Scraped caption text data
# # #
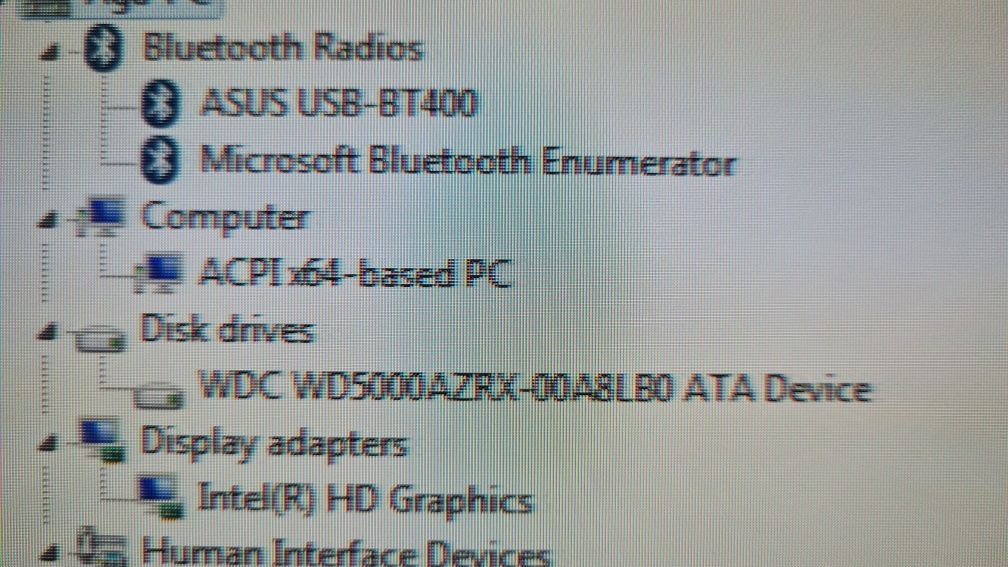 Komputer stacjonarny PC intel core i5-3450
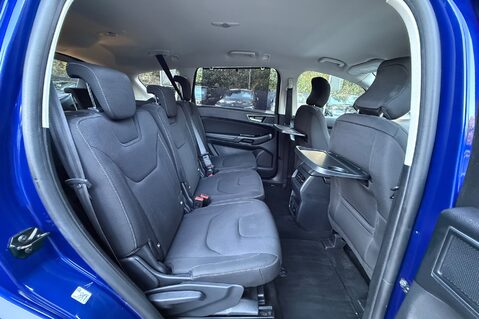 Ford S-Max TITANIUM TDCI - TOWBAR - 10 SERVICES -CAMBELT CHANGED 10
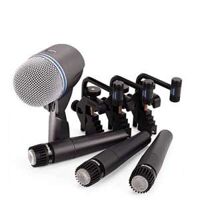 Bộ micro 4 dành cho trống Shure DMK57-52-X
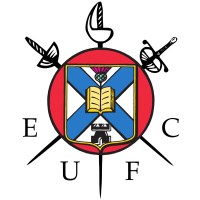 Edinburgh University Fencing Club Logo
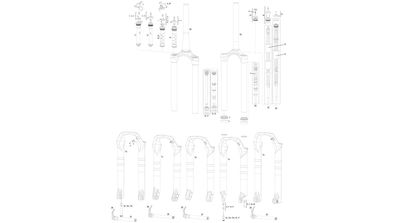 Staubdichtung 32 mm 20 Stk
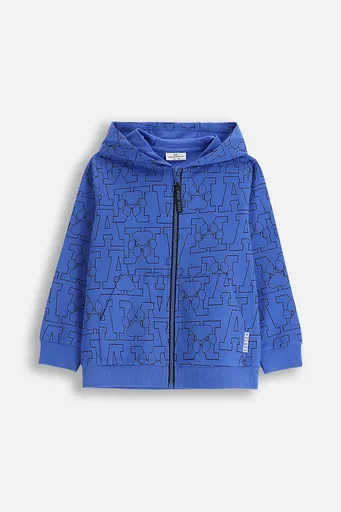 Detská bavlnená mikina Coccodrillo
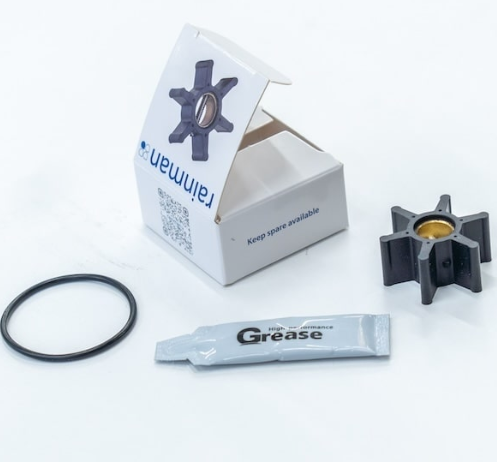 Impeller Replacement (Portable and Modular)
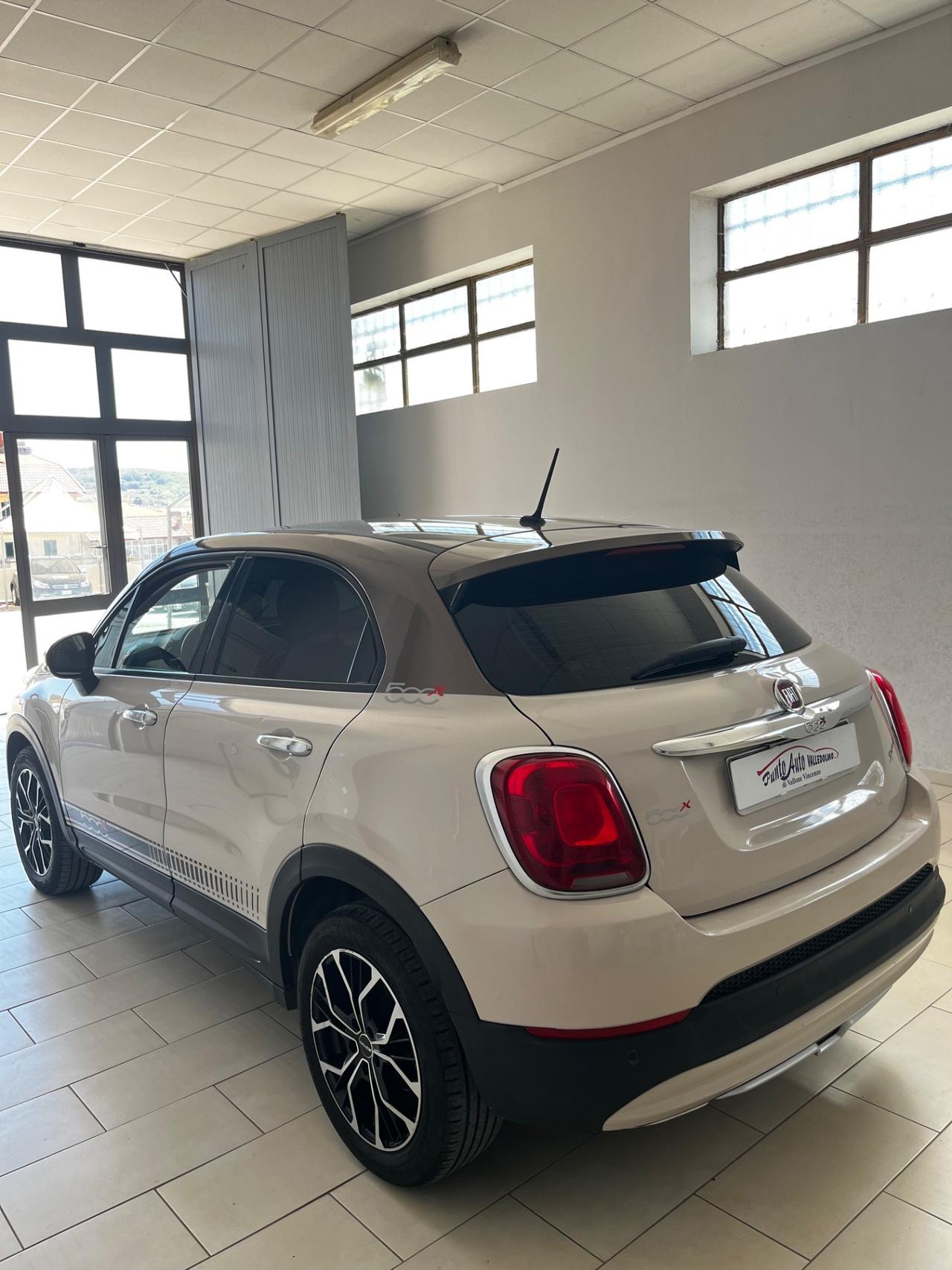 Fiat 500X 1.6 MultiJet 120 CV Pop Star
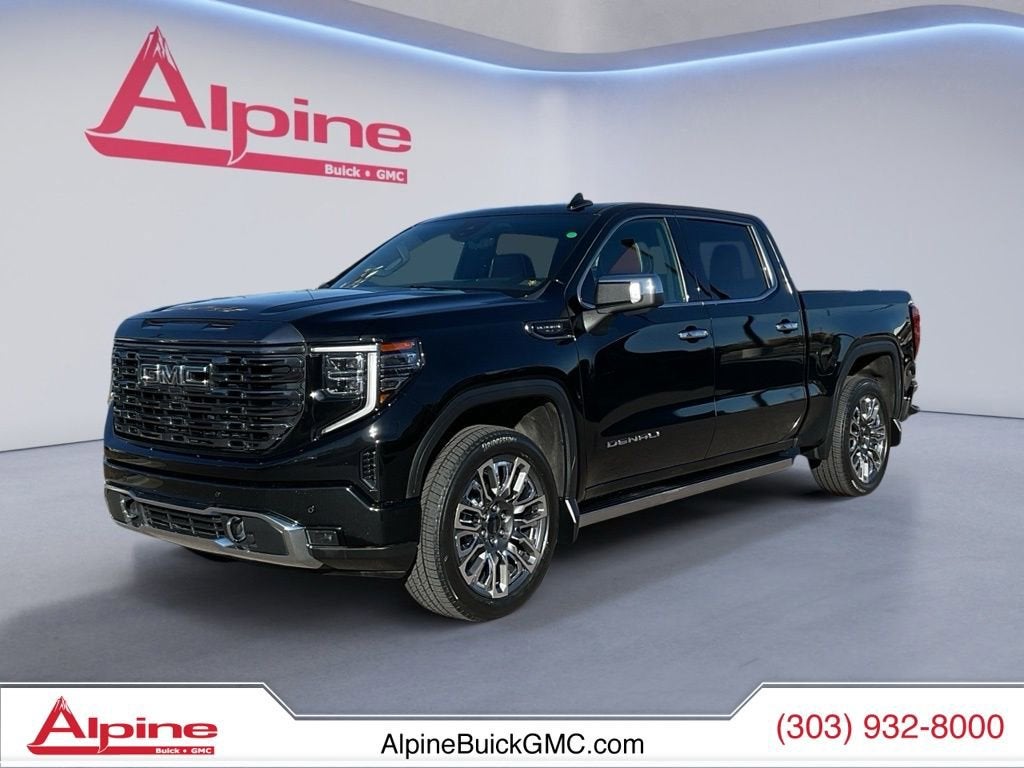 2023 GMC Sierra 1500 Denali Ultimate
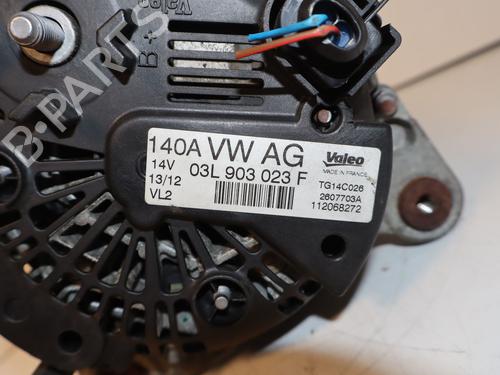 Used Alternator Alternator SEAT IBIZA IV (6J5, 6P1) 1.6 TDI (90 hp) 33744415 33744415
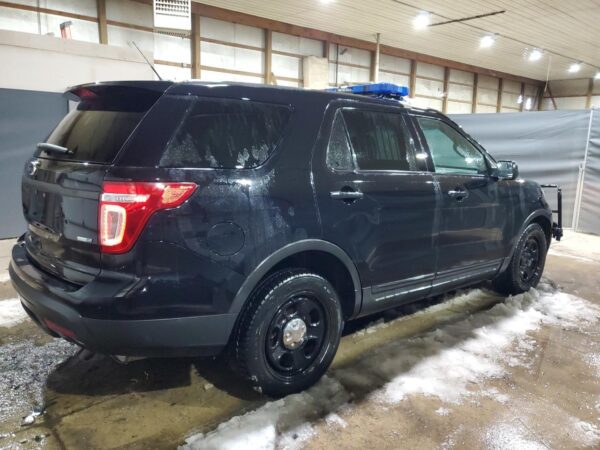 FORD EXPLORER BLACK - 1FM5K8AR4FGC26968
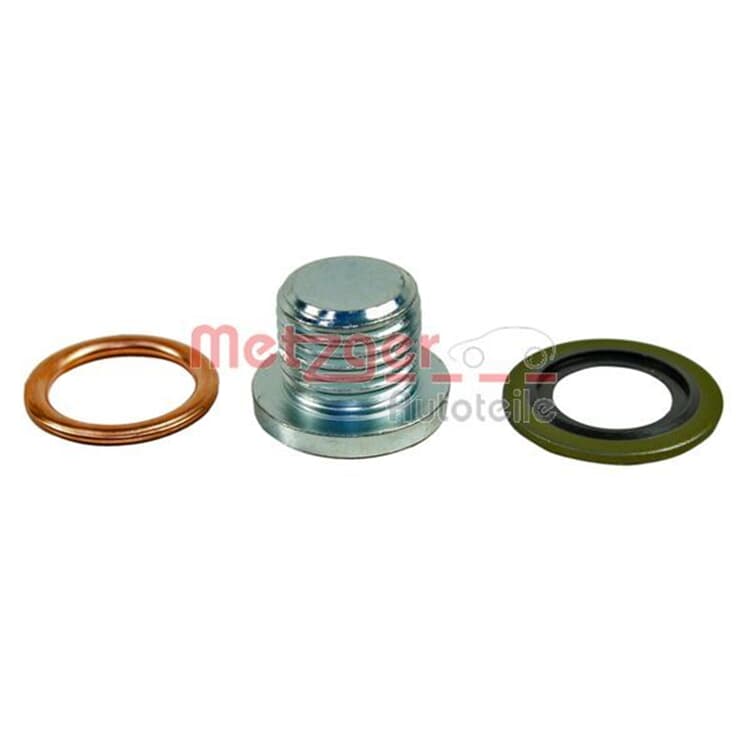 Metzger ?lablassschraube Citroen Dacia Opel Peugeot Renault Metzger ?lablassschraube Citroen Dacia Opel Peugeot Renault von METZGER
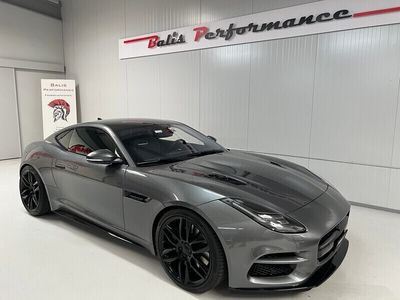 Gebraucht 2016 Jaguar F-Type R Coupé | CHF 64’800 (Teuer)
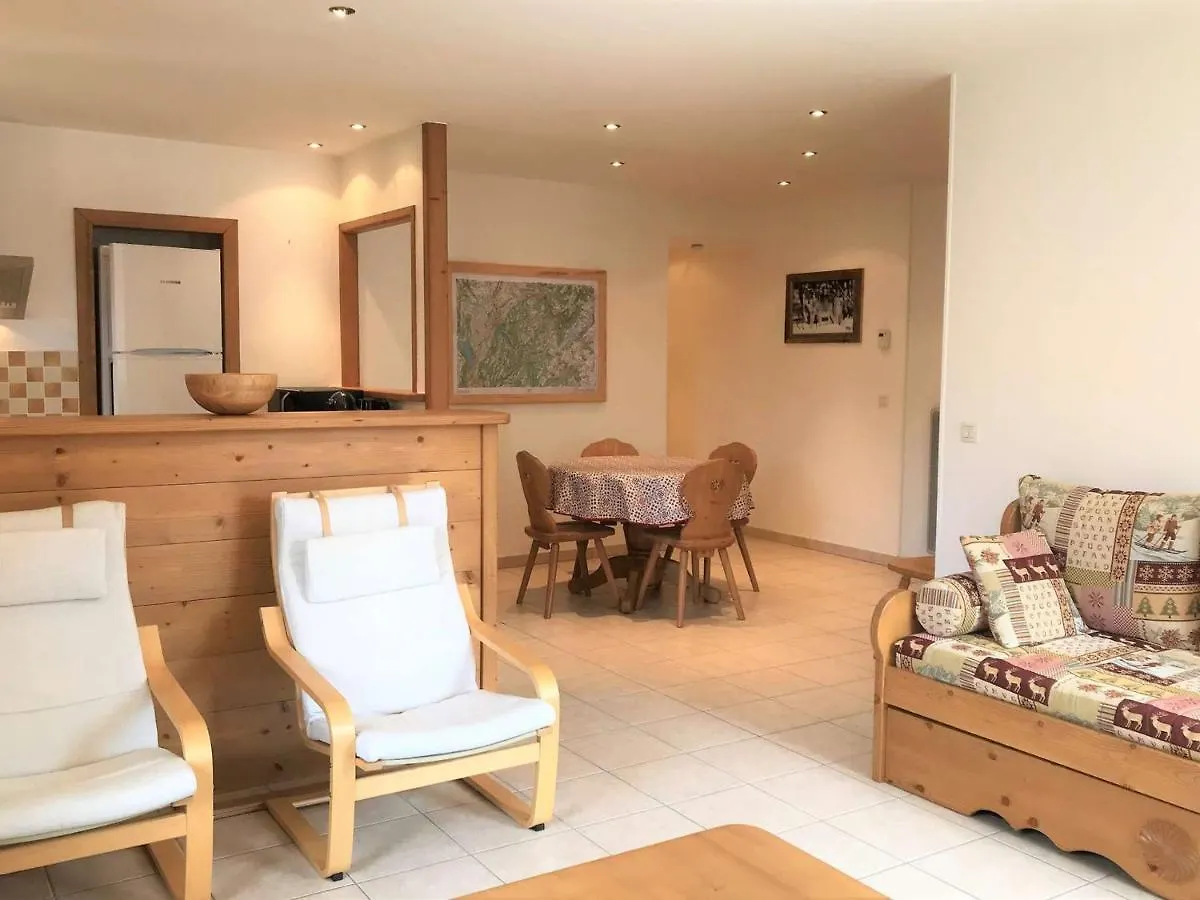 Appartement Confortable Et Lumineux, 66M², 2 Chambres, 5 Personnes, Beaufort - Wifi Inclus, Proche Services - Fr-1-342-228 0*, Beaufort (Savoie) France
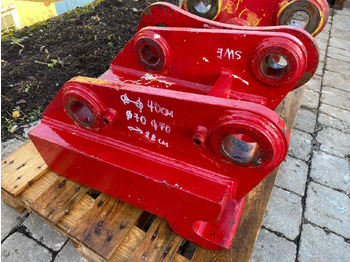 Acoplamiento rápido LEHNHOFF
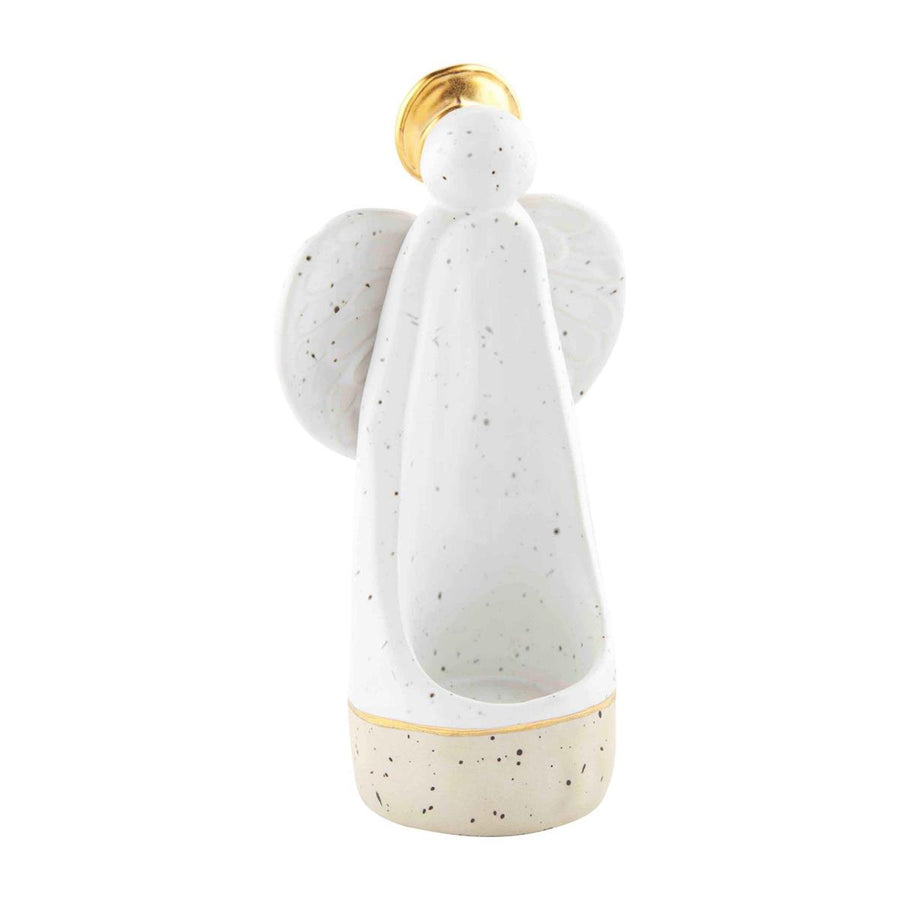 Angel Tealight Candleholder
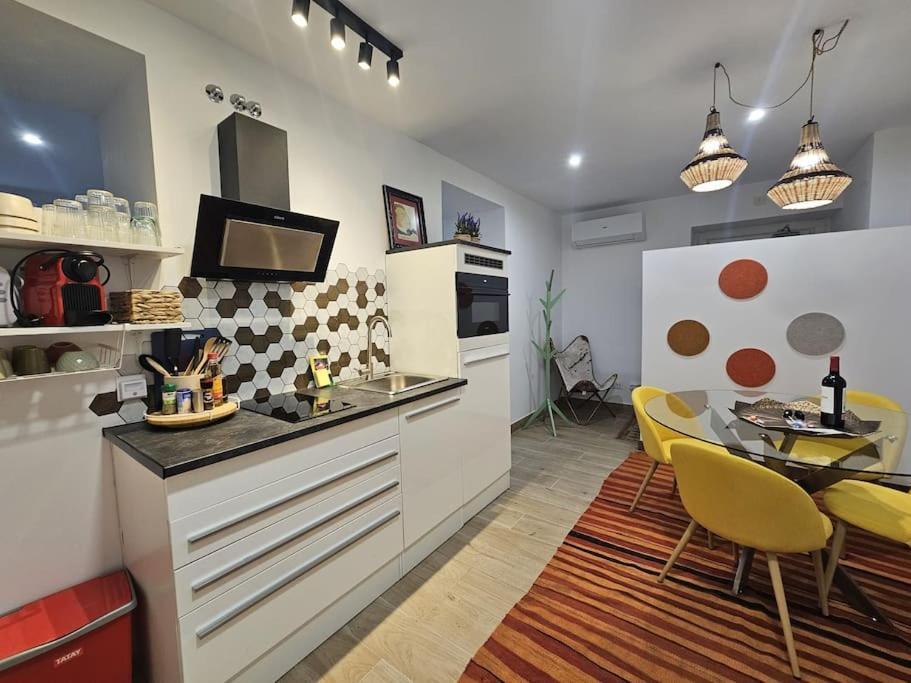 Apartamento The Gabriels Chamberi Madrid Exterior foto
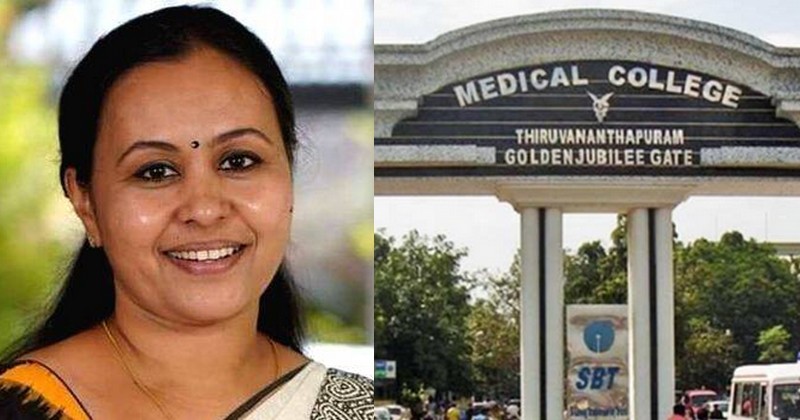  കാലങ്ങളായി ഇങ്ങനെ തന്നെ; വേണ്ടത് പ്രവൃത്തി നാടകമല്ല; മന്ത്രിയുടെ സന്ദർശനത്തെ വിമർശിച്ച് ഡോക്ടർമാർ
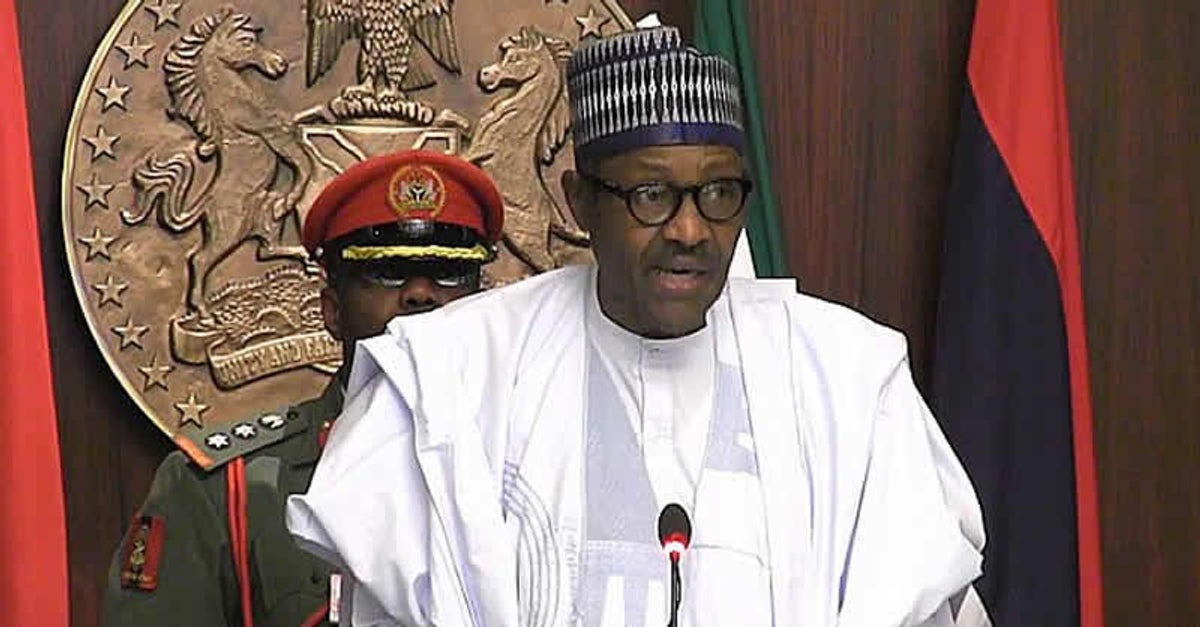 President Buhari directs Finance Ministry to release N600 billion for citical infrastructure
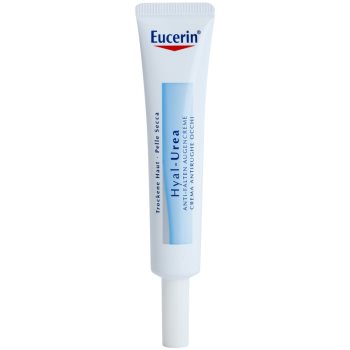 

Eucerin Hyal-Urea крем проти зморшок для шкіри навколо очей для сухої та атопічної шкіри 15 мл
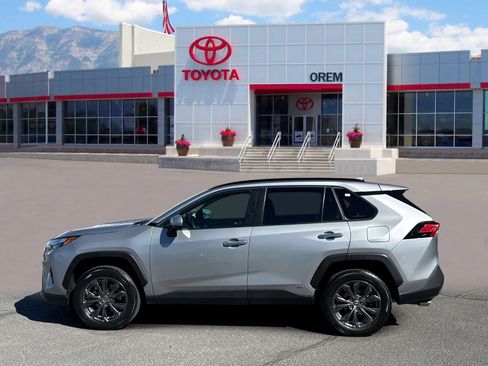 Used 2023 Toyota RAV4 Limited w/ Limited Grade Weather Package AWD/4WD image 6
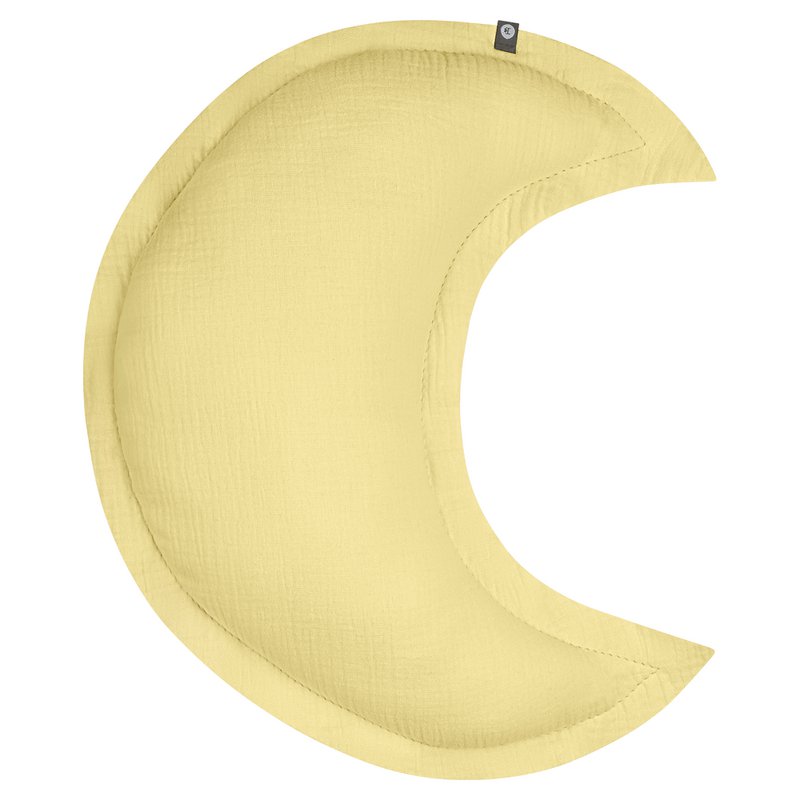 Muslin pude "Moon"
# # #
→ Exercise details
What you return must match, character for character, the lines above from the one with "Renault von METZGER" through the one with "Eucerin Hyal-Urea крем", minus any pictures.

→ Output for this task
 Metzger ?lablassschraube Citroen Dacia Opel Peugeot Renault Metzger ?lablassschraube Citroen Dacia Opel Peugeot Renault von METZGER
 Gebraucht 2016 Jaguar F-Type R Coupé | CHF 64’800 (Teuer)
 Appartement Confortable Et Lumineux, 66M², 2 Chambres, 5 Personnes, Beaufort - Wifi Inclus, Proche Services - Fr-1-342-228 0*, Beaufort (Savoie) France
 Acoplamiento rápido LEHNHOFF
 Angel Tealight Candleholder
 Apartamento The Gabriels Chamberi Madrid Exterior foto
  കാലങ്ങളായി ഇങ്ങനെ തന്നെ; വേണ്ടത് പ്രവൃത്തി നാടകമല്ല; മന്ത്രിയുടെ സന്ദർശനത്തെ വിമർശിച്ച് ഡോക്ടർമാർ
 President Buhari directs Finance Ministry to release N600 billion for citical infrastructure

Eucerin Hyal-Urea крем проти зморшок для шкіри навколо очей для сухої та атопічної шкіри 15 мл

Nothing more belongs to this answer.